Акулы явились, и в большом количестве. В ту ночь они сожрали одного моряка. Когда в него вонзились акульи зубы, он закричал, пытаясь подняться на плот, но уже подоспели другие хищницы и разорвали его на части. Остальные моряки дрожали от страха, чувствуя, что теряют рассудок. Один из них вдруг заявил, что доберется до берега вплавь. Не успел он проплыть и двадцати метров, как акулы схватили его и скрылись в глубине.

Настоящее безумие охватило людей, ютившихся на плоту, окруженном акулами. Один из них заявил, что «Джуно» находится совсем близко в море, как раз под их плотом. Он его ясно видит и собирается нырнуть в воду, чтобы добраться до крейсера и взять там еду, питье и сухую одежду. Тогда и всем показалось, что они видят более или менее ясно огни под водой. Некоторые, в том числе и Хейнес, опустились в море, чтобы добраться до «Джуно». «Естественно, ничего я там не нашел. Тогда я опомнился, понял, что делаю, и перестал слушать их разговоры». По невероятной случайности ни одна акула не появилась во время этого безумного ныряния.

Наступило утро шестого дня, 17 ноября 1942 года.

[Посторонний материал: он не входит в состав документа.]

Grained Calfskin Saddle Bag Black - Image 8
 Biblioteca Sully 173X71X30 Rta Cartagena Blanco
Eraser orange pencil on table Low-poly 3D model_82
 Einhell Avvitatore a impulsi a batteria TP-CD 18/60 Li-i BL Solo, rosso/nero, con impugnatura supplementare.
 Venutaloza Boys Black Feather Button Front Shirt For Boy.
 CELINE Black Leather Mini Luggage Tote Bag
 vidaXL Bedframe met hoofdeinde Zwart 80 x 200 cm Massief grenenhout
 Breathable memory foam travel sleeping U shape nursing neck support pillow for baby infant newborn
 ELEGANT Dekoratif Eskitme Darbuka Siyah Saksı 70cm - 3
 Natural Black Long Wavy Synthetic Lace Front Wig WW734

Ни одной акулы вблизи плота, и волнение на море улеглось. Небо по-прежнему ясное. Когда солнце поднялось высоко над головой, к мукам жажды добавились муки от солнечных ожогов.

Моряки то впадали в прострацию, то становились нервозными и раздражительными. Если кто-то кого-то случайно толкал, на него сыпались брань и дело доходило до драки. Больно было смотреть на эту беспомощную схватку несчастных людей, едва державшихся на ногах. Иногда начинались лихорадочные рассуждения о том, что они будут делать, когда вернутся домой. Говорили о своих семьях, которым теперь не на что будет жить, и поэтому им нужно много работать. Они бы взялись за любое дело, коль уж придется зарабатывать себе на жизнь. Но плавать снова – ни за что!

– Если плот подойдет к какому-нибудь острову, я там и останусь, – сказал один из них. – Ноги моей больше не будет на корабле!

Остальным эта мысль очень понравилась. Они тоже останутся на острове и будут там делать все что угодно, но на судно – ни ногой. Никто уже не думал о судьбе своей семьи, которая три минуты назад так их волновала.

Настала ночь. Один из моряков, принимавших участие в общем разговоре, вдруг ясно увидел старшего канонира с «Джуно», который спокойно сидел под водой и подавал ему знаки.

– Я иду к нему.

Он не торопясь снял с себя спасательный жилет, потом одежду и прыгнул в воду. Никто его не остановил, никто не вымолвил ни слова. Мелькнуло белое брюхо акулы, и все исчезло. В ту ночь акулы сожрали еще двоих людей, гревшихся в море.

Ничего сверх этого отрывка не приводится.